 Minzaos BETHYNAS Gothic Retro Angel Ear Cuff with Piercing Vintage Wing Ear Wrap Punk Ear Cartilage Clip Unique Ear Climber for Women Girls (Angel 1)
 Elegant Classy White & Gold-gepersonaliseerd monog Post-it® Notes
********
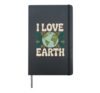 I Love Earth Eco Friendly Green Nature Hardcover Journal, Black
********
*What you will do*. For this task, write out exactly the lines of the entries above, starting at the line with "Minzaos BETHYNAS Gothic" and ending at the line with "Elegant Classy White", both included, and no others.

*Response to this exercise*.
 Minzaos BETHYNAS Gothic Retro Angel Ear Cuff with Piercing Vintage Wing Ear Wrap Punk Ear Cartilage Clip Unique Ear Climber for Women Girls (Angel 1)
 Elegant Classy White & Gold-gepersonaliseerd monog Post-it® Notes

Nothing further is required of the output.